(RECORDS FOR THE EXERCISE Opens)

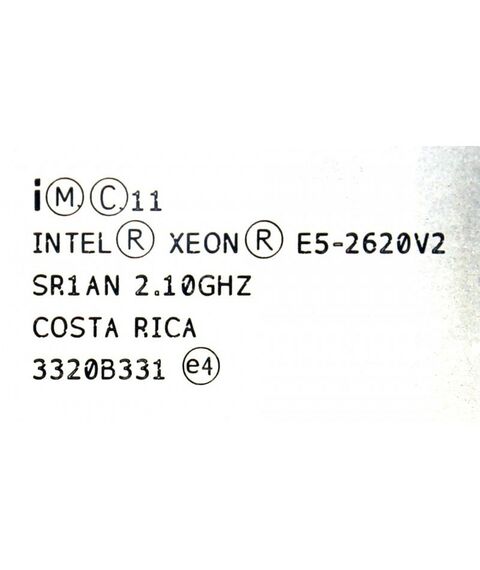 Серверные процессоры: Процессор Intel Xeon E5-2620V2 2.10GHz/15Mb Socket-2011 tray [CM8063501288301SR1AN] фотографии
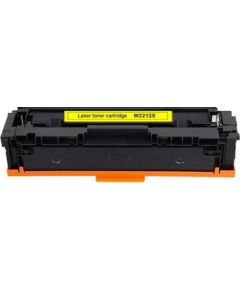 Compatible toner HP W2212X Yellow with chip Lāzerprinteru izejmateriāli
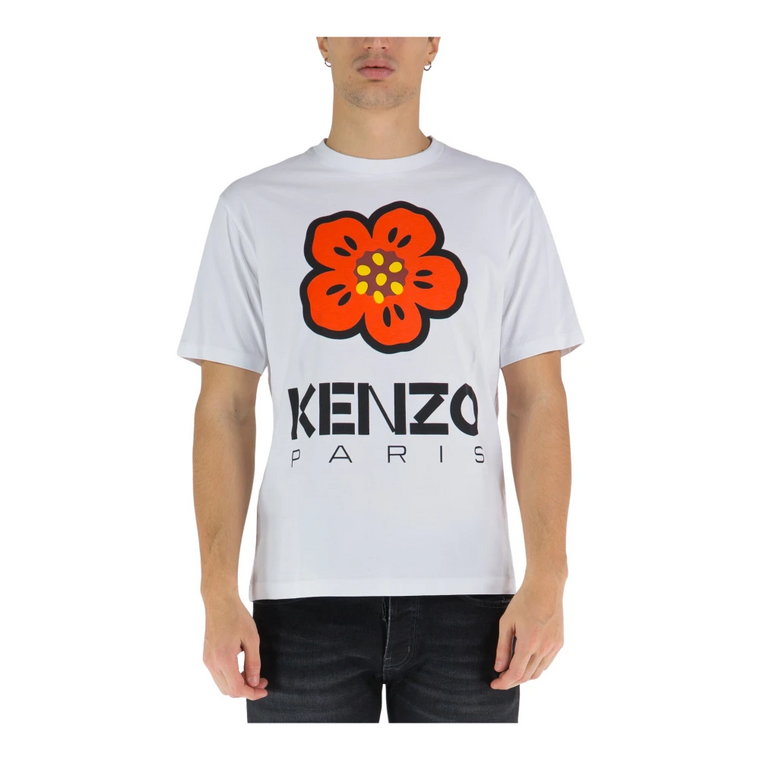 Stylowe bawełniane koszulki męskie Kenzo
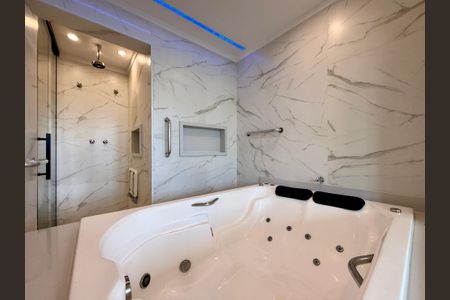 Apartamento à venda com 85m², 1 quarto e 1 vagaBanheiro Suíte 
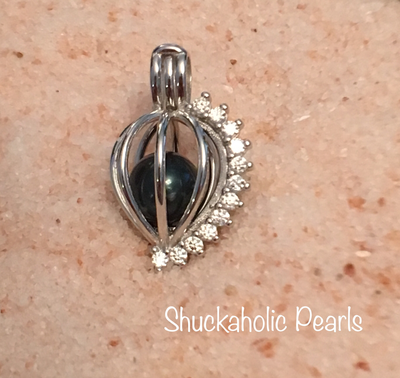Heart with Cubic Zirconia SP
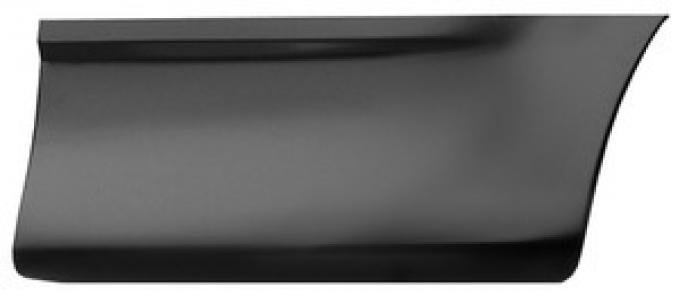 Key Parts '97-'03 Front Lower Bed Section, Driver's Side 1984-143 L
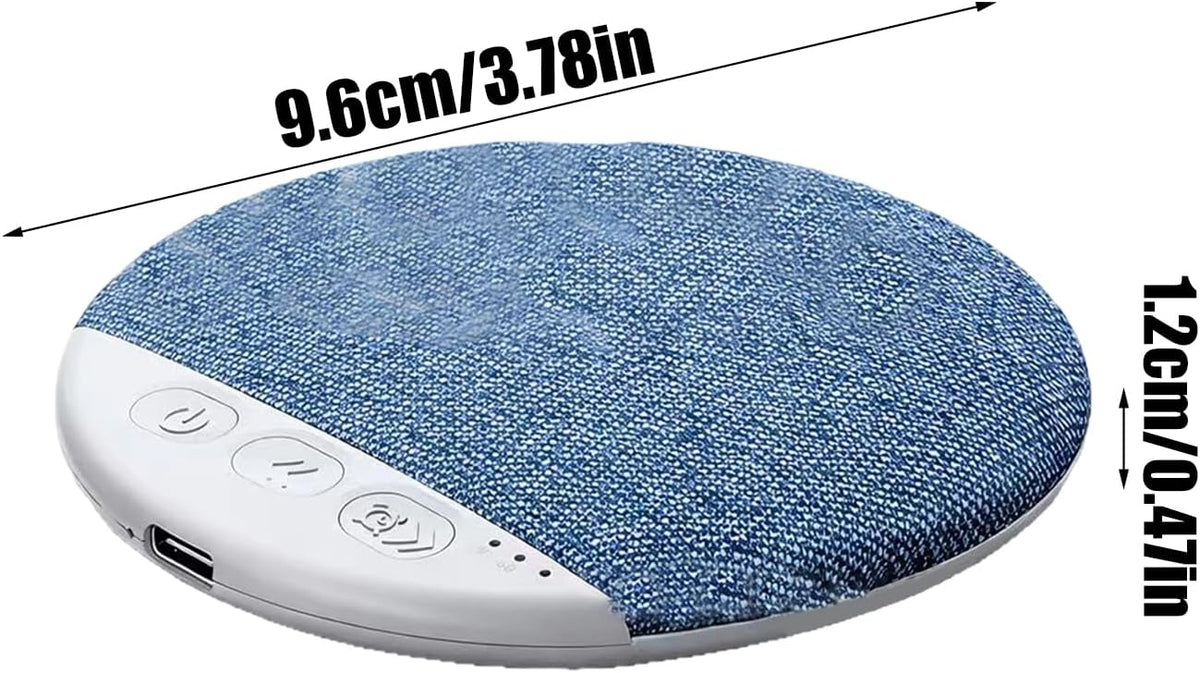 Generic Portable-Mp3-Player-Wireless - Rechargeable Portable White Noise Machine, Pillow Speaker,Ultra Thin Small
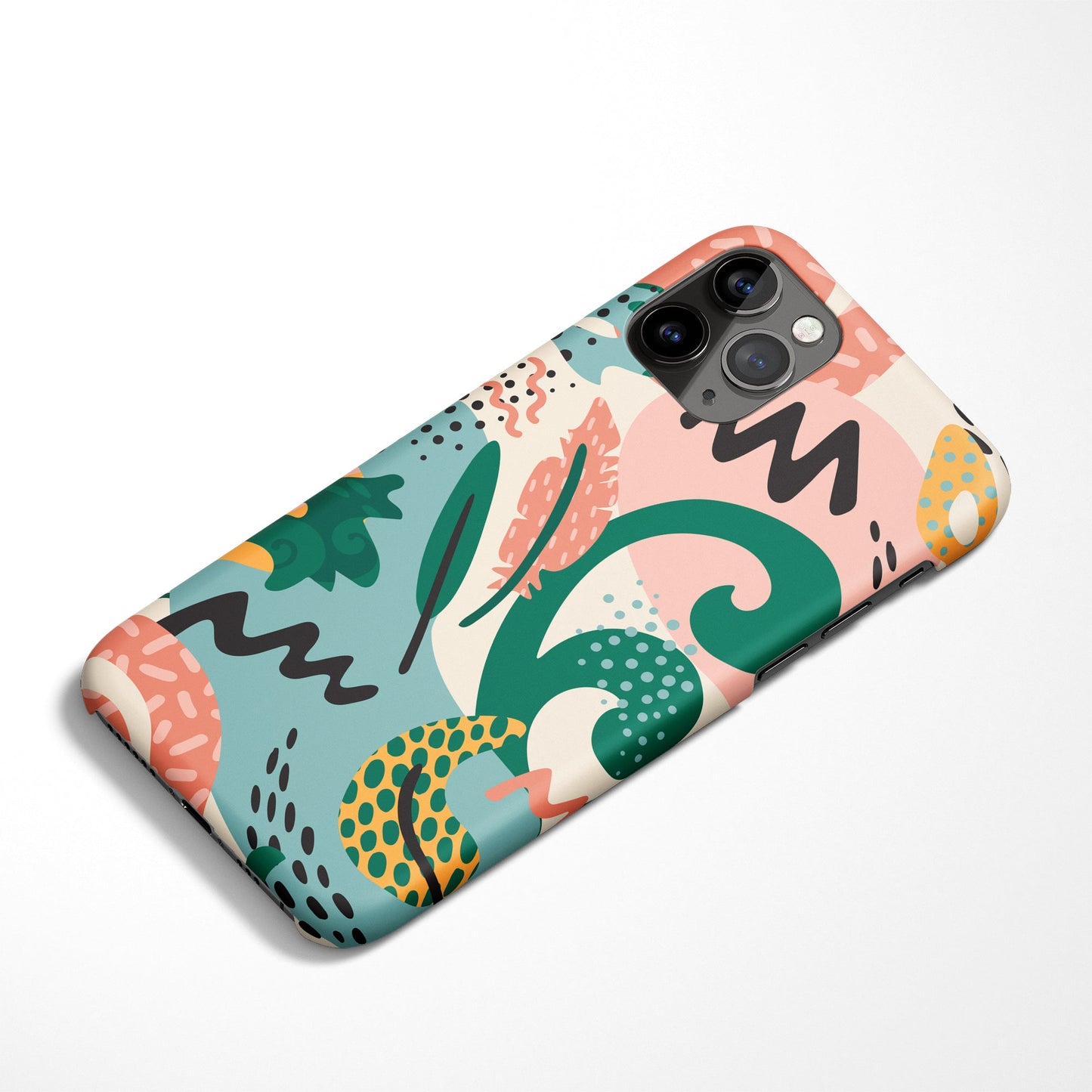 iPhone Case with Amazon Jungle Illustration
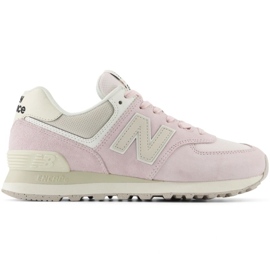 New Balance WL574DL2 Zapatos rosa 1
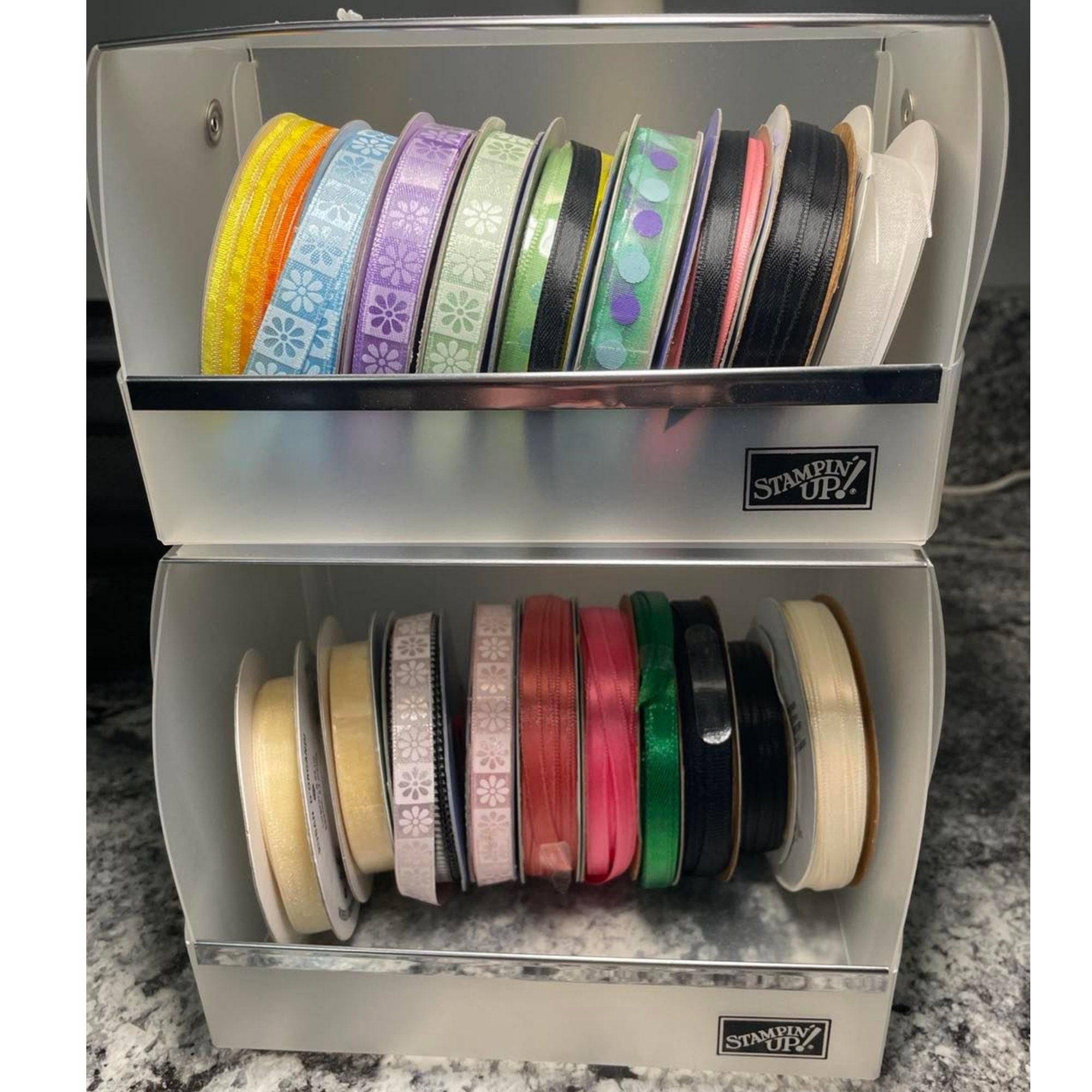 Spool Ribbon Holder Storage Washi Tape Holder, Rack Wire Organizer, Washi  Tape Storage 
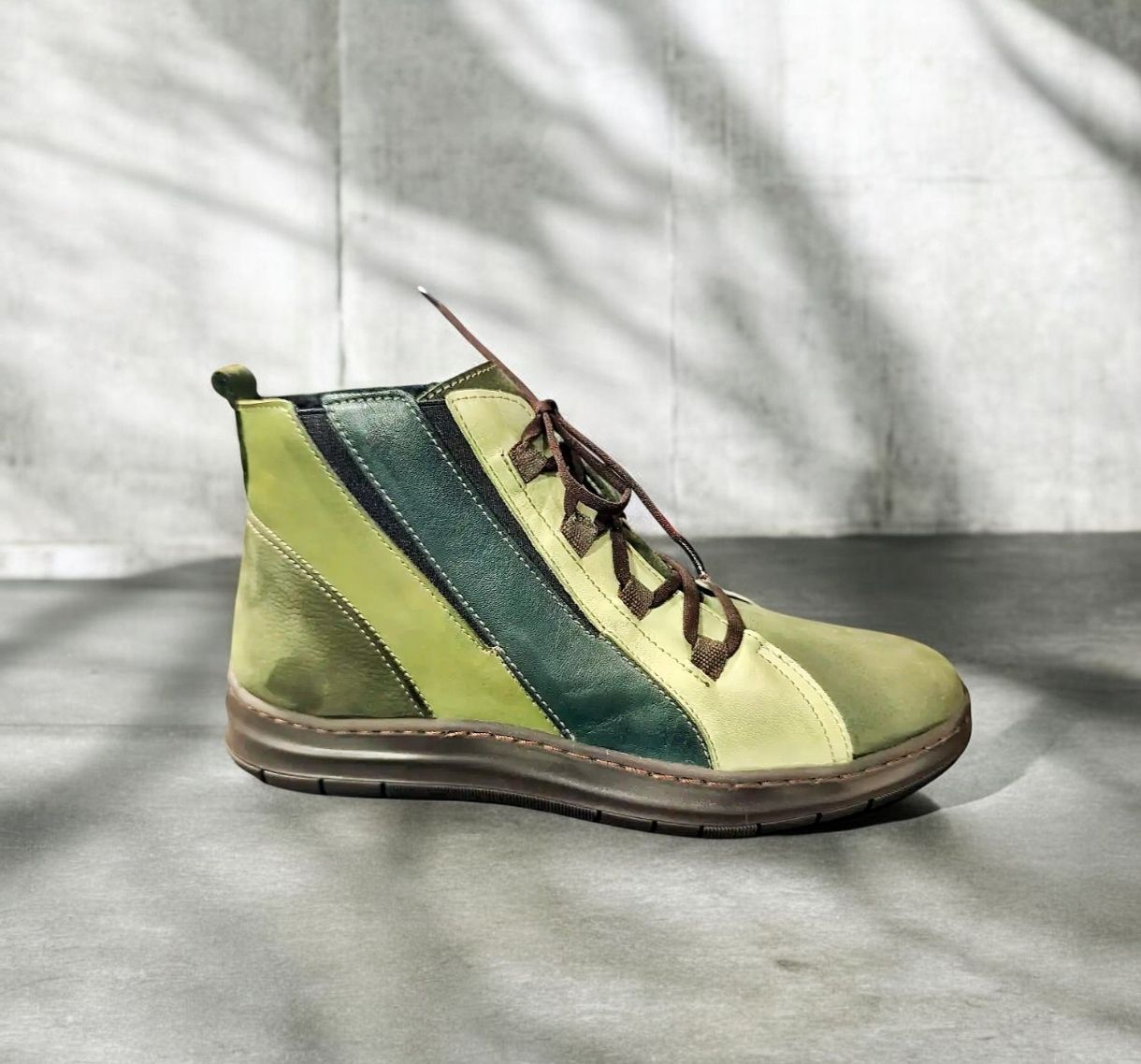 KARYOKA  : baskets multi verde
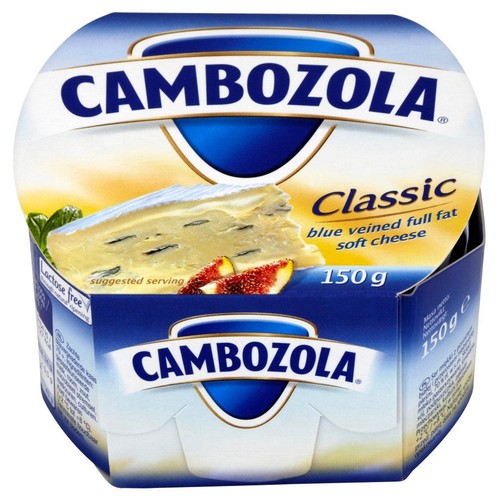 Ser śmietankowy z niebieską pleśnią classic Cambozola 150 g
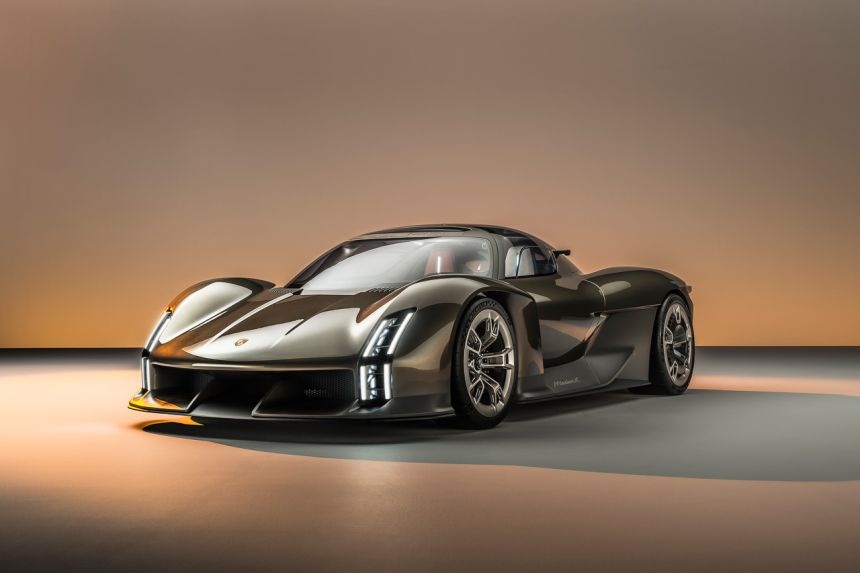 Mission X will be Porsche&rsquo;s fastest, road-legal EV on N&uuml;rburgring image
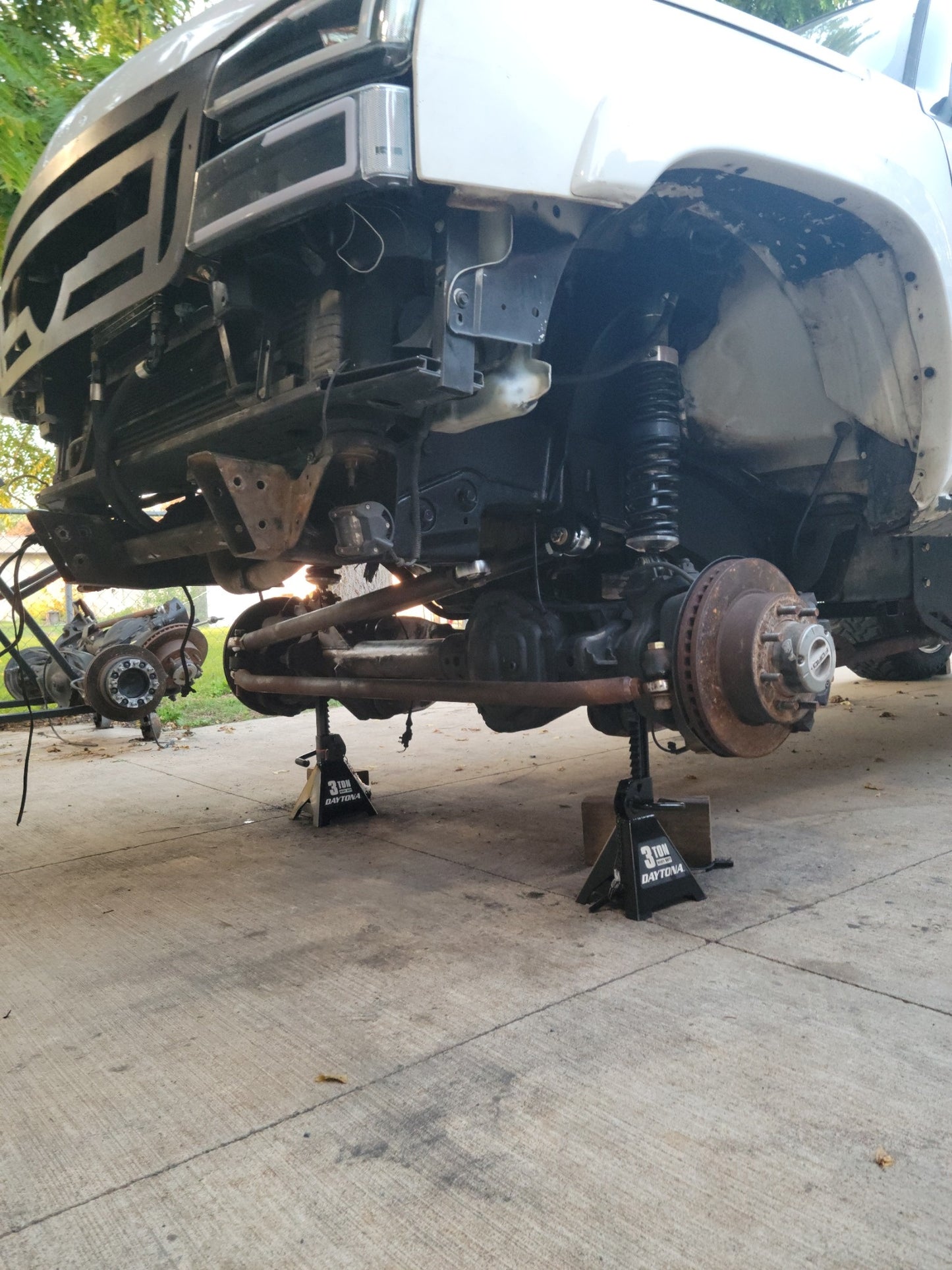 Solid Axle Swap Coilover Buckets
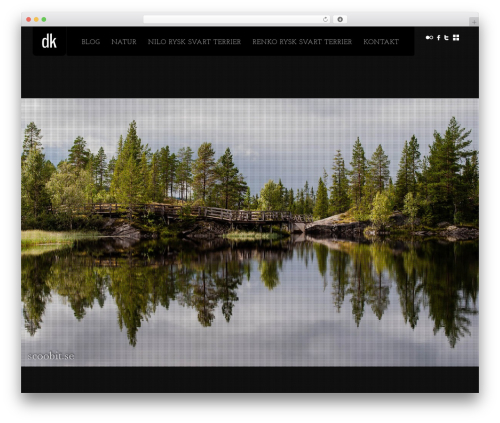 DK WordPress theme - scoobit.se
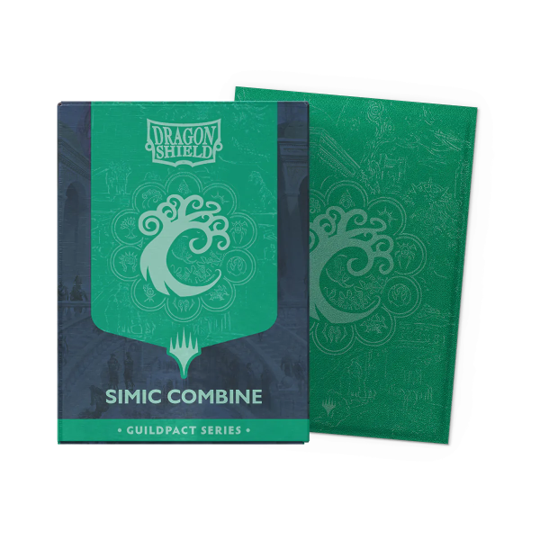 Guildpact Dual Matte 100ct :Simic Combine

(RECORDS FOR THE EXERCISE Closes)

- _PROBLEM TO WORK ON_:
Pictures excluded, return exactly the lines from the one with "Mission X will" through the final line of the entries above, both included.

- _EXERCISE RESULT_:
 Mission X will be Porsche&rsquo;s fastest, road-legal EV on N&uuml;rburgring image
 Solid Axle Swap Coilover Buckets
 DK WordPress theme - scoobit.se
 Guildpact Dual Matte 100ct :Simic Combine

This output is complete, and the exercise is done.